Data excerpt:
========================
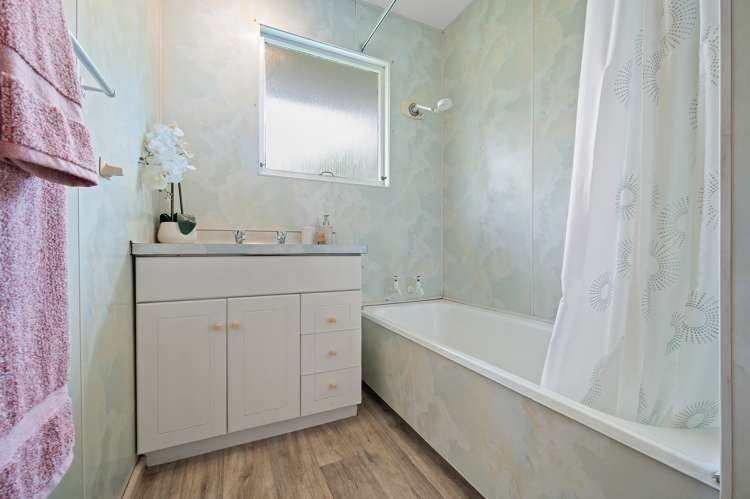 12 Templetons Road Hillmorton_19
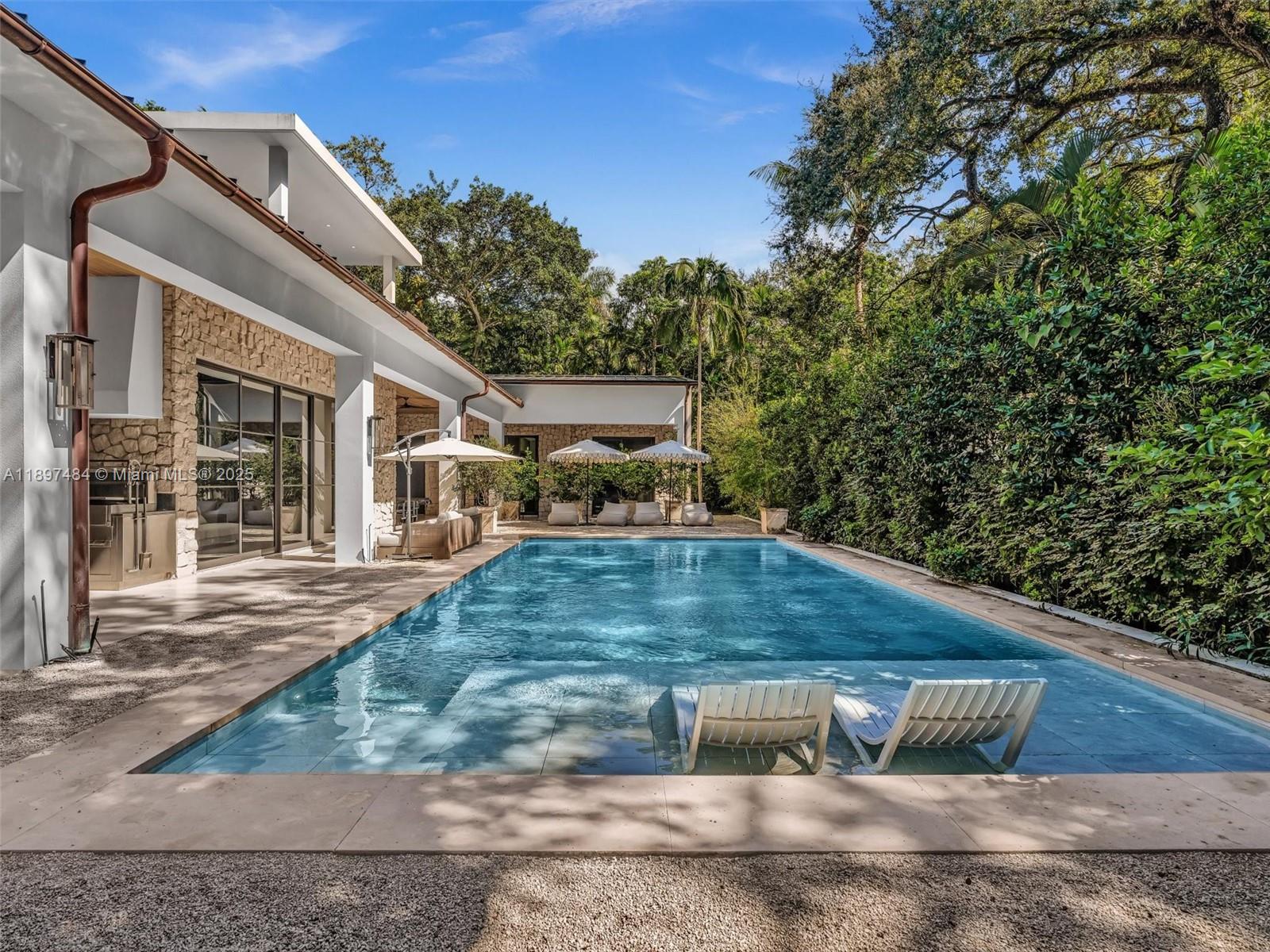 2931 Emathla St Miami, FL 33133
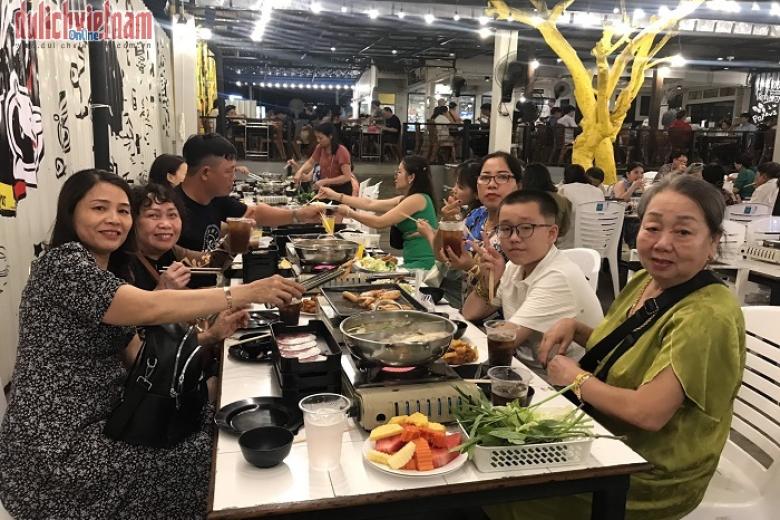 Khách dùng bữa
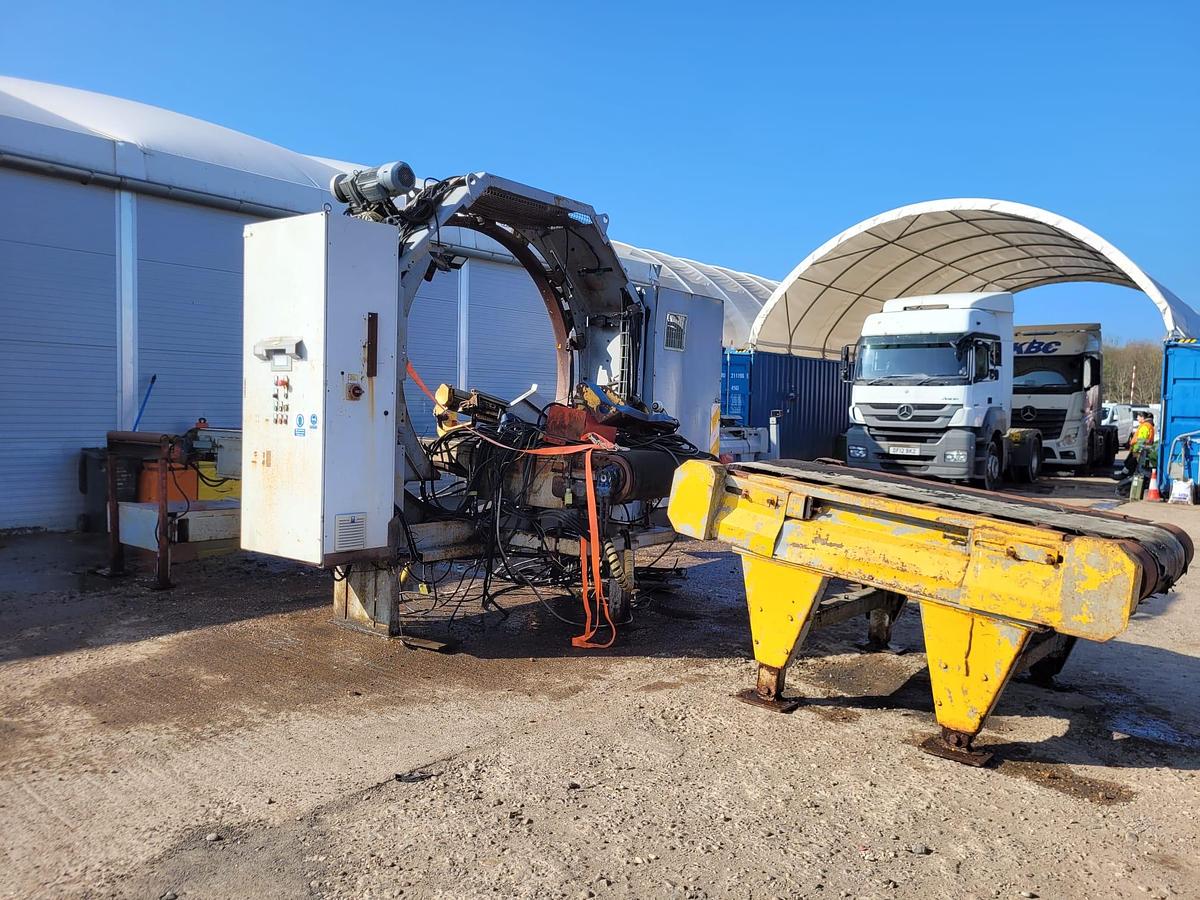 Used Cross Wrap CWD 2200 LW Automatic Wrap Baler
========================
Everything in the material must be duplicated exactly, except the pictures.

 12 Templetons Road Hillmorton_19
 2931 Emathla St Miami, FL 33133
 Khách dùng bữa
 Used Cross Wrap CWD 2200 LW Automatic Wrap Baler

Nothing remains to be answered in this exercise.